So here I sit, in Panera. yogurt and bottled water at my side (oh, bagel and coffee how I miss you, my loves), listening to some LA-types discuss the biz in the next booth over (there is always someone here trying to make a deal, close a deal, bragging about a deal--all just loud enough that you can hear them 2-3 booths over).
Ethan's in preschool. I'm basking in the "summer of Sarah". Except.
It occurred to me last night that it has begun. School. Schedules. Alarm clocks. Drop-offs & pick-ups. We've catapulted out of the world of baby and toddler, and into the world of kid. From now on, Ethan's life will be spent, at least for some portion of the day, away from me. In someone else's care, and with someone else's agenda. This? Makes me a little sweaty.
It's not that I dont' trust that we've picked a great preschool for him. It's not that I think he won't love being with his friends and learning new things and having these new experiences. It's the abstract, intangible "that part of my life is over--my baby's really, really not a baby anymore" type of thing that keeps catching in my throat.
I've spent a lot of the past 24 hours thinking about the days when Ethan was a newborn, and a colicky, pissed-off-at-the-world infant, screaming, wailing, railing against everything around him. I remember thinking, as I bounced him until my back was numb, that this was my life. This was all I'd ever do. Fifty years from now, I'd still be standing at that window, looking out and watching cars and people I didn't know go by, as I bounced, bounced, bounced my red-faced, angry baby. I know I'm not the only one who has felt that--I've talked to lots of moms who also carried around the sense, illogical as it is, that their lives would be comprised of 2-am feedings and that they'd never get to sleep alone, shower or pee with the bathroom door closed, or think about themselves first and foremost for even a few fleeting moments, ever again. But what do you know? Time goes on, and all of those things fade; all the phases end and make way for new ones. My silent mantra "this, too, shall pass", which filled my head while Ethan, wrapped in a swaddle and wailing, cried in my arms, turns out to be true after all.

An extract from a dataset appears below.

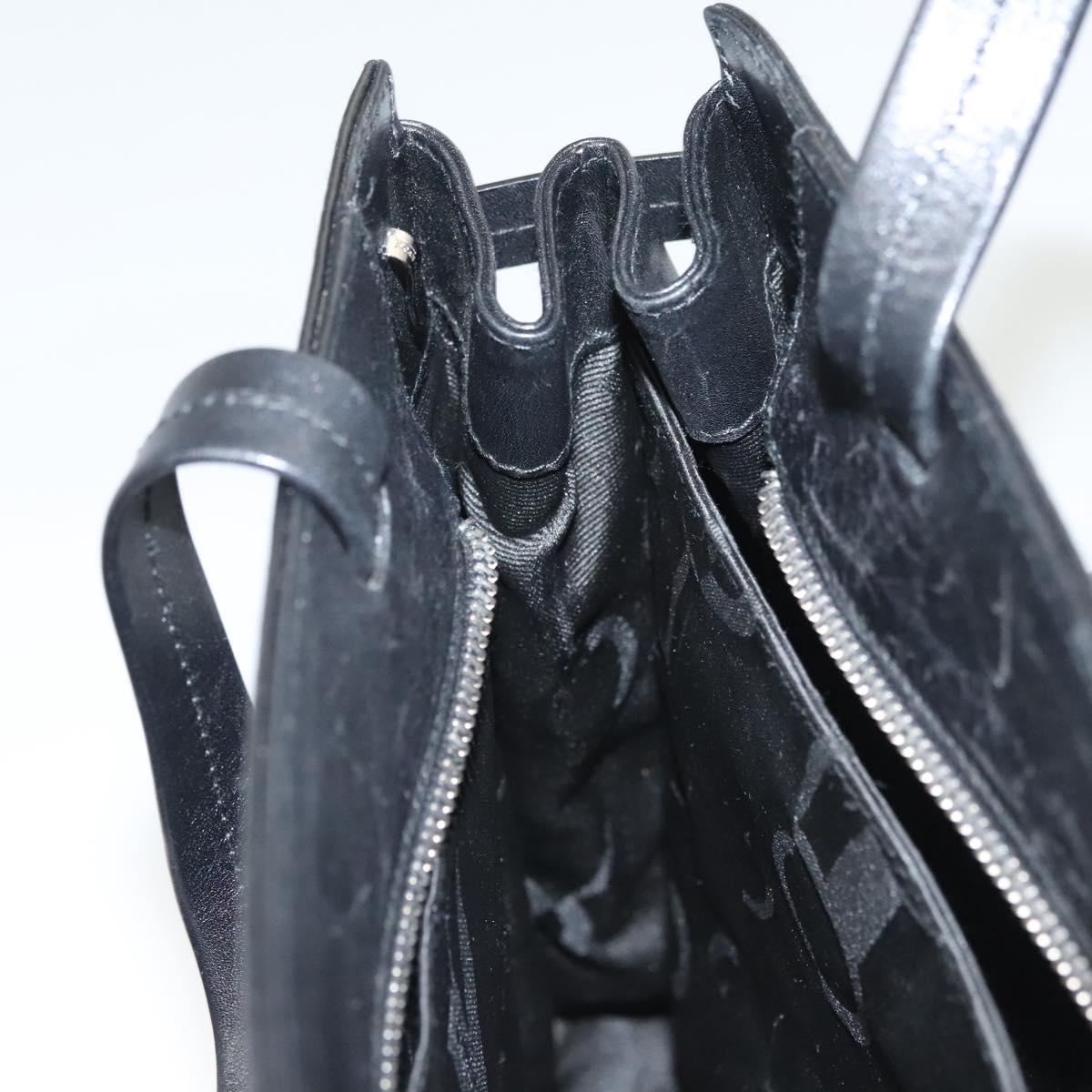 Salvatore Ferragamo Gancini Hand Bag Leather Silver Black Auth 118656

Yesterday, before picking Ethan up from his first day, I sat in my car in the parking lot and watched him on the playground. He was going up and down the slide, playing in the sand and having a little conversation with one of his friends. As happy and relieved as I was to see him playing and enjoying himself, the moment sat on my chest like a ton of bricks for a second. In only three years he's changed so much, life has changed so much. I can only imagine what the next three years hold for him, and I am so torn between embracing the adventure and wishing time would freeze.
I know I'm not unique in this; I think it is probably the universal plight of mothers to at once dream of an amazing future for her child while at the same time wistfully missing the baby that child was.

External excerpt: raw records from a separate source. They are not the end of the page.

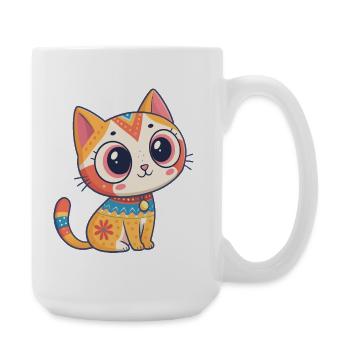 Süßes Kawaii-Kätzchen entzückende kleine Kawaii-Katze - Große Tasse 440 ml - Weiß - Rechts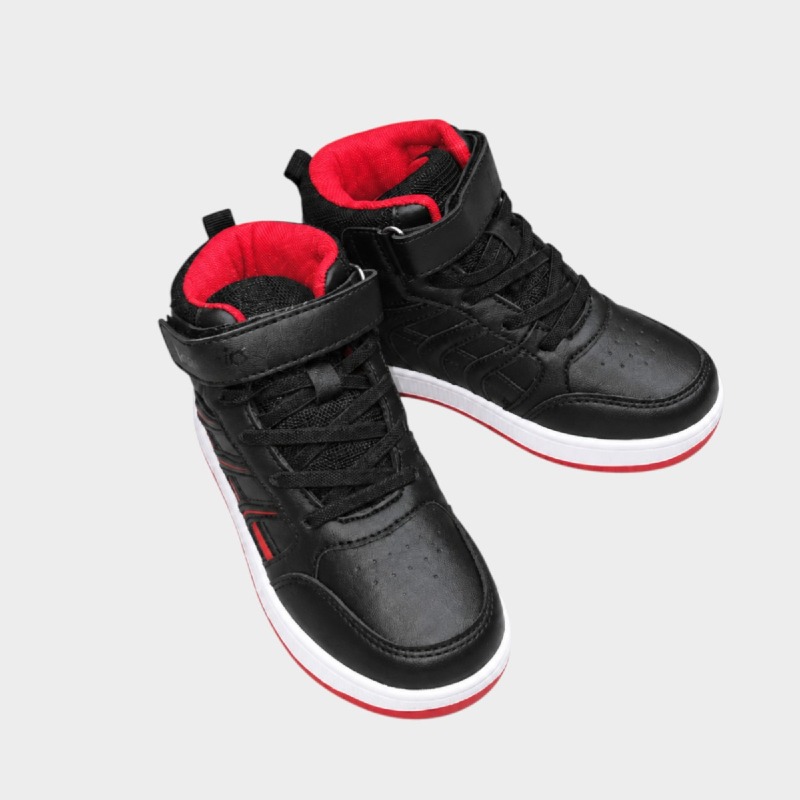 Black & Red High-Top Kids' Trainers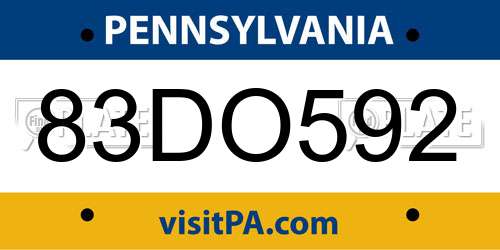 83DO592 Pennsylvania License Plate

But seriously? If I'm like this after his first day of preschool, WHAT am I going to be like when the kid goes to college? Oh, my head just exploded.
7 comments:
Girl, this (combined with the sad part of the Cars movie that's playing now) made me seriously teary. I don't want to think about my baby growing up. I want him to stay little and cuddly and with me as the center of his universe forever.

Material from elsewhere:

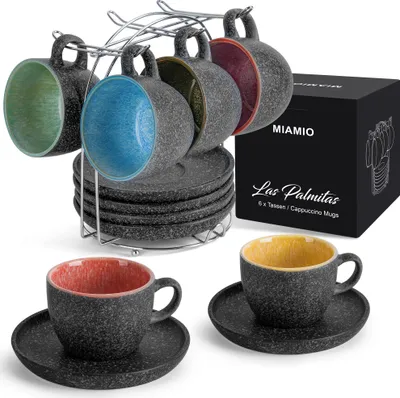 Produktbild von MIAMIO - Cappuccinotassen Set 6 teilig mit Untertassen & Ständer (6 x 190 ml)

I wish we could fast forward the first six months and slow everything else down, seriously.
it's so funny that you have this post because it is exactly what I started thinking about after reading Summer of sarah! I was thinking how great it sounded to have some imte alone (or with fewer kids as would be my case) and I considered putting Izzy in preschool this fall since she always asks to go to school. And I started planning it all out, she could go a few days a week at first, then five days, and Jack could start at this point, etc., when I realized that once she started that was it. the end. she would be forever going to school from that point on until she got so big she actually *gasp* moved out. Followed by all my other kids. ANd then I thought maybe preschool could wait a little.
OMG-- totally.
H is in 3 activities right now, and J is in 1-- and I have everything color coded on my calendar-- and doesn't it seem a bit early for that?
BUT being away from them for a little bit each day makes me appreciate our time together.
The first days are always harder on the parent than the child. Just take a deep breath and put on a smile when you see him. He'll thank you for it someday!
I can remember feeling much of that, particularly the hindsight feeling that 10 minutes ago they were babies and now its gone.
But just think, if they hadn't grown than you and Pedro would never have met and fallen in love and I would be deprived of a wonderful daughter-in-law and MY wonderful grand baby Ethan.
Enjoy the moment, every moment 'cause the time will not pass any more slowly from now on.
oh Sarah, I hear you. As my oldest approaches 9 years old this summer, my husband pointed out that half of his life in our house is over. Way too scary for me to even contemplate!